One thing I noticed when working with BQN is that CBQN's dyadic sometimes beat Dyalog's, despite using the BQN runtime instead of a native implementation. The runtime just constructs all the (ravel) indices for the output with a big addition table +⌜´, then selects. I think this is actually a good catch-all strategy for handling trailing axes in case they're small. Construct the index table for the bottom few axes of the result—which don't have to correspond to the bottom axes of the argument, even though for cache reasons it'd be nice if they did. Then the base case for transpose is simply selecting using these axes.

Decomposition

Another possibility that may be worth looking into is splitting one reordering into two or more. I don't know whether this can beat a single-pass method in any case, but it's certainly simpler a lot of the time. But finding an algorithm which will make good decompositions can be pretty hard still.

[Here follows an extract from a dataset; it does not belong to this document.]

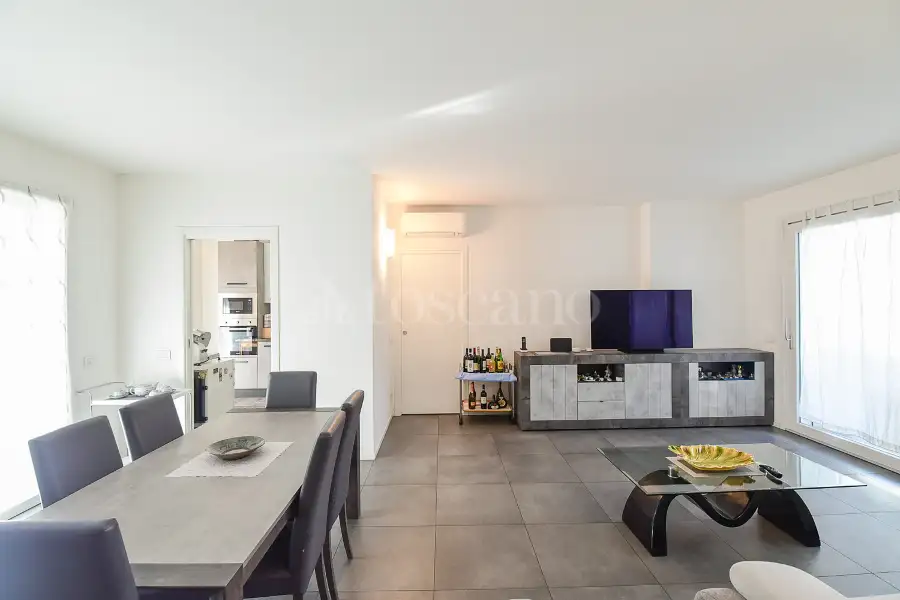 Casa in vendita di 145 mq a €795.000 (rif. 9/2026)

Dyalog splits a general boolean transposes into an axis rotation, which swaps two groups of axes and thus works like a matrix transpose, and a second transpose that fixes the last axis. Since length-1 axes have been eliminated, that last transpose works with at least 2 bits at a time, so the worst case is slightly better than moving single bits around but still not great.

Strided representation?

A solution sometimes offered to eliminate the cost of transposing is to store all arrays with a strided representation. Then a transpose only rearranges axis lengths and strides while leaving the data the same, and the stride will cause later operations to access it as though transposed. Bluntly, this is not a good idea on modern hardware, unless maybe you're building an advanced array compiler. Transpose isn't used that much even in programs that depend on it, and kernel-based Transpose is fast, taking as long as one to two arithmetic primitives. Building stride support into other primitives, on the other hand, makes every primitive harder to write and slower in the general case.

Nothing wrong with strides, they're very useful—as in axis simplification above. The problem with virtual transpose is that caching and SIMD loads are all set up to handle data in order. To add one array to another that's virtually transposed, you have to access at least one array out of order. And reading one element at a time is very slow relative to SIMD. The fast way is to take a fast transpose implementation and fuse it with the addition operation. So maybe for kernel transpose you load in one kernel, transpose it, and add it to rows from the other array. Same for other kinds of transpose, and, hey, you're going to support arithmetic with rank, right? Just take the hit and separate out the transpose. There are much better targets for fusion.

NumPy is probably the highest-profile user of this strategy (and allows manipulation of the stride; see stride_tricks). I'm not aware of any current APLs that use it. ngn/apl did briefly, but abandoned it. JIT-compiled APL\3000 used it as part of its subscript calculus system, but this was the 70s—I'm pretty sure the HP 3000 didn't have a data cache and it certainly didn't have SIMD.